Entries taken from a collection
※

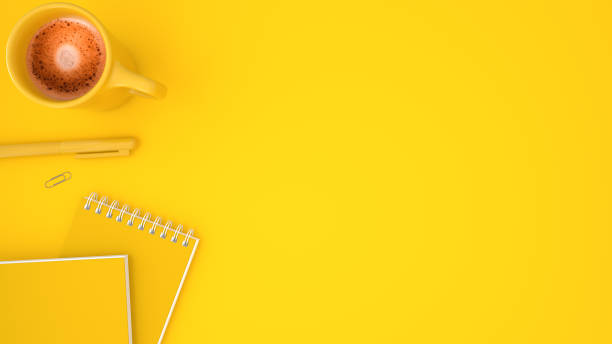 istock Top view, flat lay with copy space. Notepad and coffee cup on yellow background, copy space for text. 3d render. 1481872217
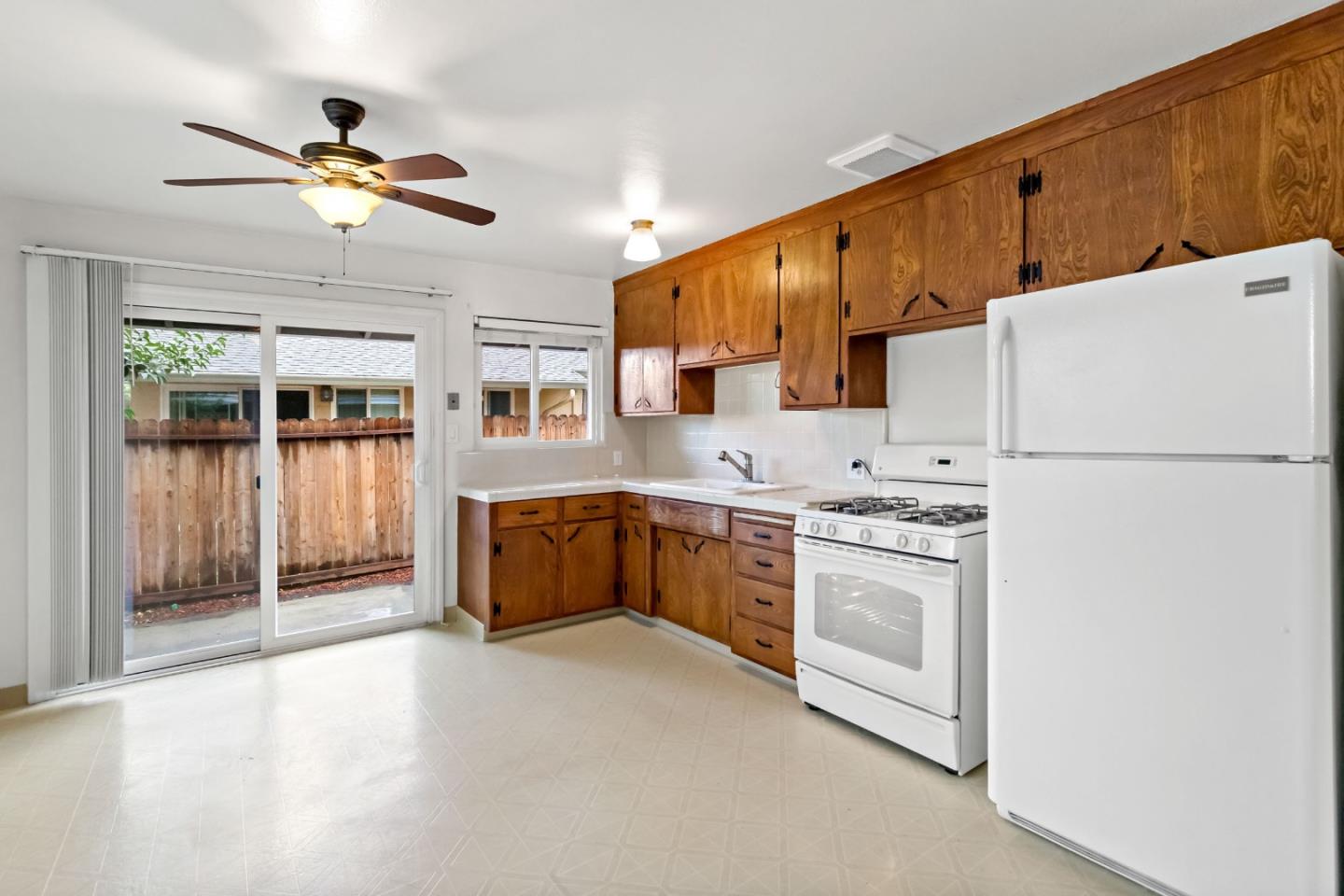 527 Easy Street Mountain View, CA 94043 - Photo 37 of 57 a kitchen with stainless steel appliances granite countertop a refrigerator a stove a sink dishwasher and a oven with white cabinets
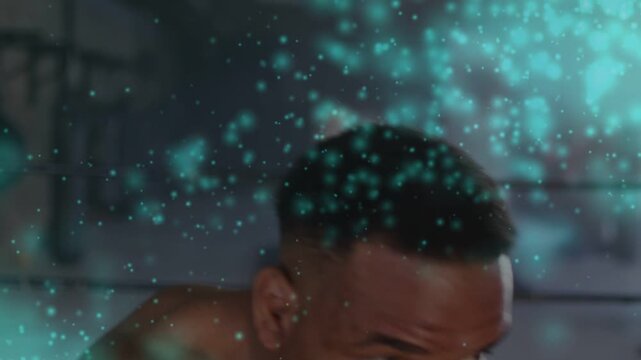 Male boxer eyeing target and throwing blue-wrapped punches in ring, overlay veiling face, training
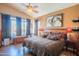 Inviting main bedroom with natural light, warm tones, and a decorative ceiling fan at 7138 W Buckskin Trl, Peoria, AZ 85383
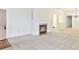 Bright living room with a fireplace, neutral carpet, and open doorways to other rooms at 4043 Oak Trail Dr, Indianapolis, IN 46237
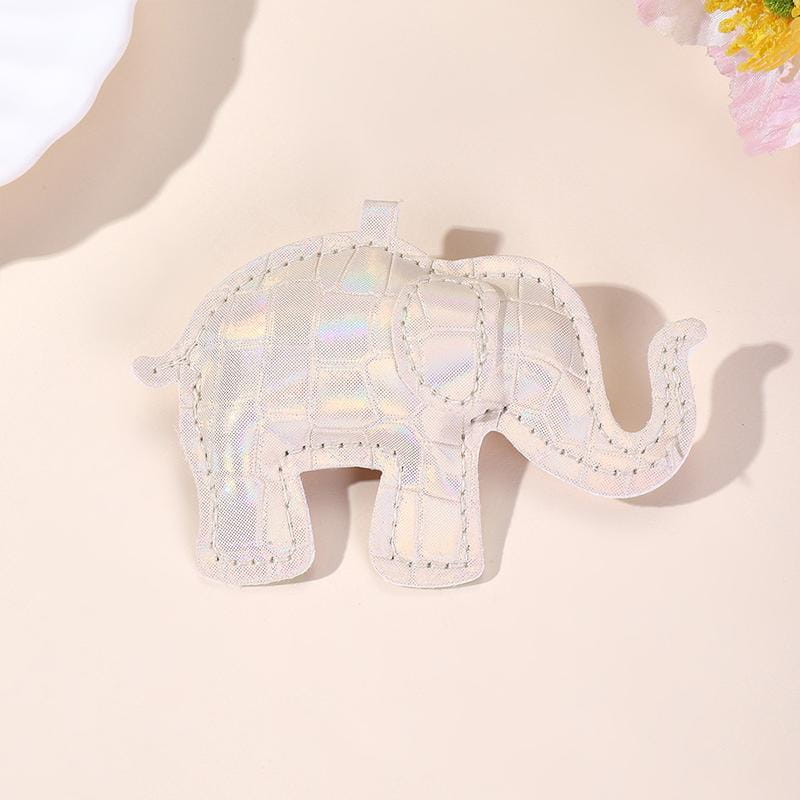 A white iridescent pu leather elephant keychain with quilted texture and stitched edges used as a diy animal charm.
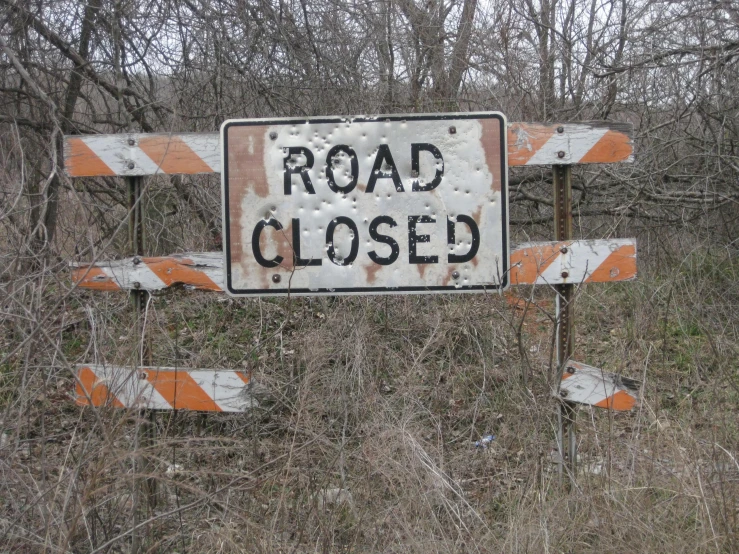 an old sign that reads road closed is set up in the woods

※

■ **TO DO**:
Output a verbatim copy of the lines from the line containing "Bright living room" through the end of the data, both included, without any images.

■ **ANSWER**:
 Bright living room with a fireplace, neutral carpet, and open doorways to other rooms at 4043 Oak Trail Dr, Indianapolis, IN 46237
 A white iridescent pu leather elephant keychain with quilted texture and stitched edges used as a diy animal charm.
 an old sign that reads road closed is set up in the woods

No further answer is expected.